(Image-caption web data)
== == ==

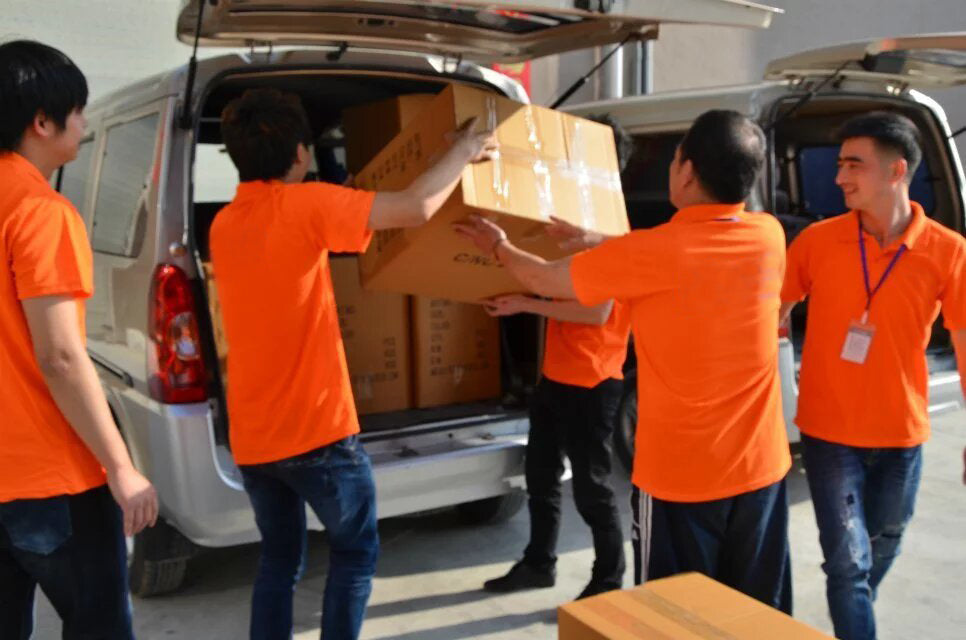 Guystalent secure export packaging and quality inspected garment label dispatch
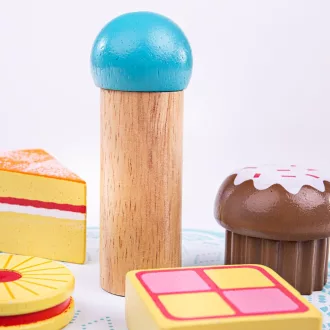 Bigjigs Toys - Tortalépcső - JátékManufaktúra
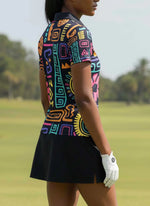 Ladies Golf Shirts - Radiant Blast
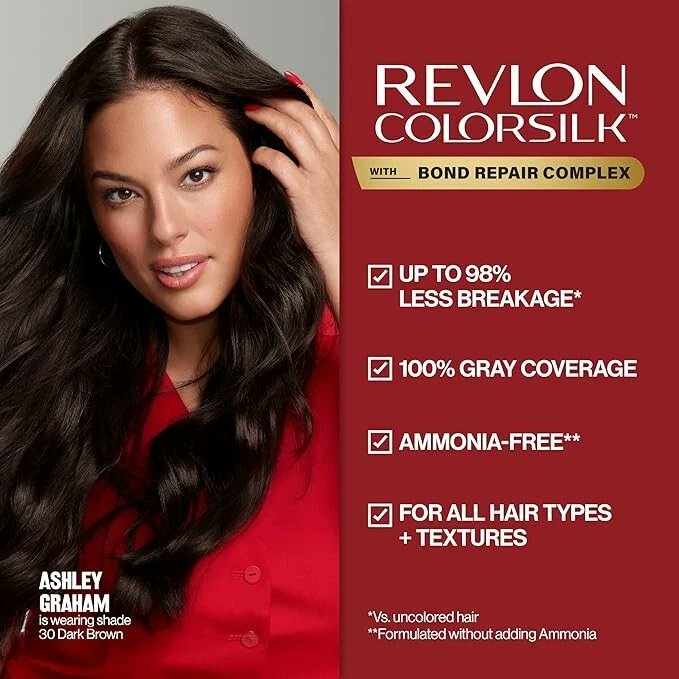 Revlon Colorsilk Beautiful Color Permanent Hair Color 51 Light Brown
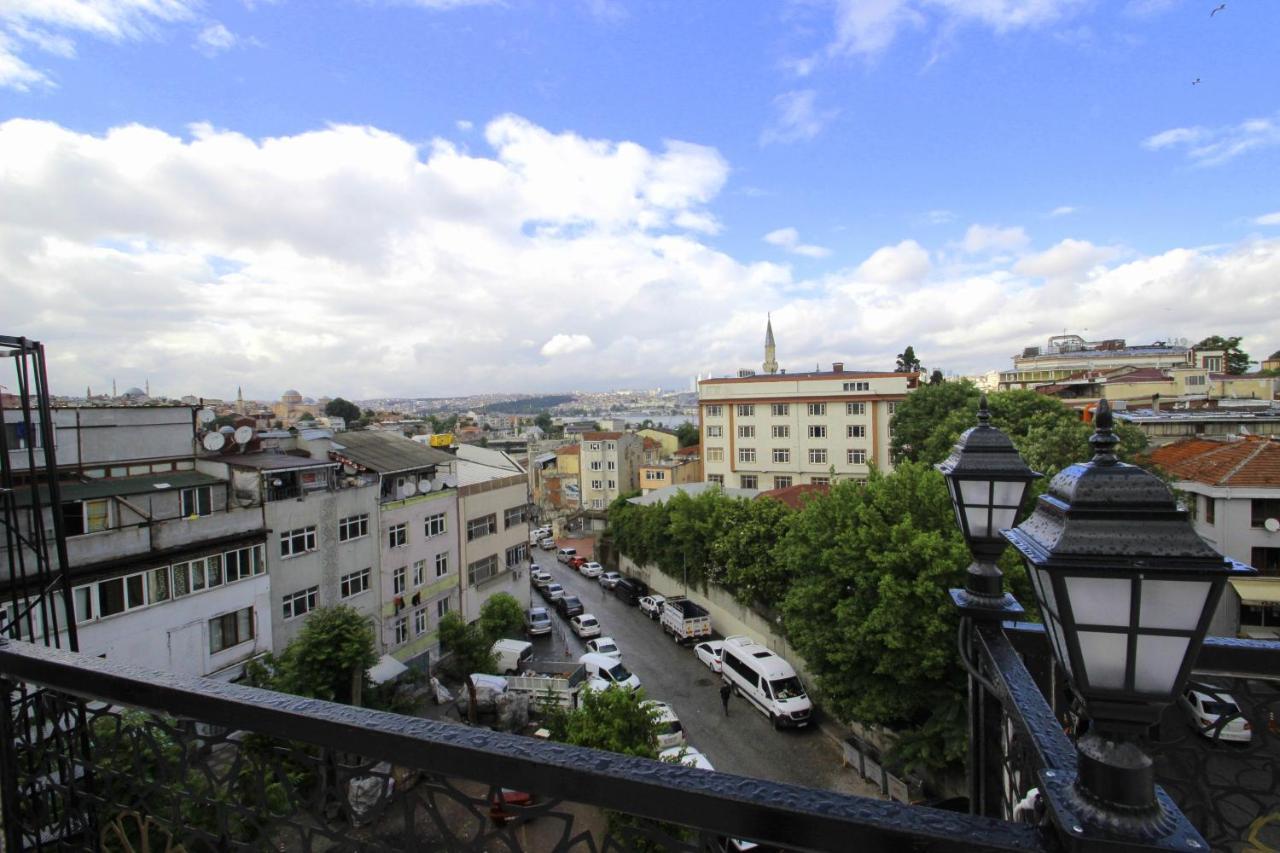 Guler Palas Hotel Istanbul Eksteriør bilde
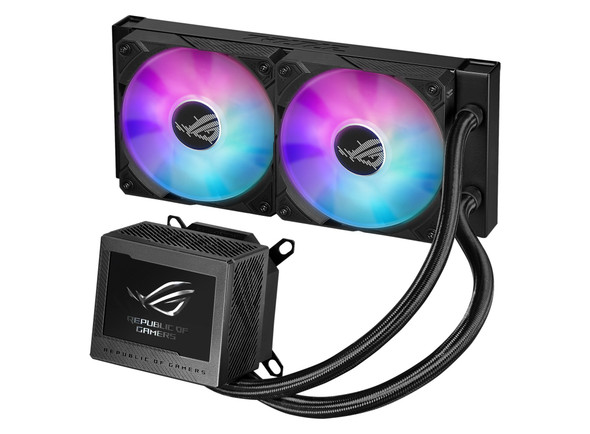 ASUS ROG Ryujin III 240 ARGB Processor All-in-one liquid cooler 12 cm Black 1 pc(s) 197105048188 ROG RYUJIN III 240 ARGB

== == ==

### [TASK TO COMPLETE]
Each line of the data needs to be output exactly, with any image excluded.

### [WRITTEN REPLY]
 Guystalent secure export packaging and quality inspected garment label dispatch
 Bigjigs Toys - Tortalépcső - JátékManufaktúra
 Ladies Golf Shirts - Radiant Blast
 Revlon Colorsilk Beautiful Color Permanent Hair Color 51 Light Brown
 Guler Palas Hotel Istanbul Eksteriør bilde
 ASUS ROG Ryujin III 240 ARGB Processor All-in-one liquid cooler 12 cm Black 1 pc(s) 197105048188 ROG RYUJIN III 240 ARGB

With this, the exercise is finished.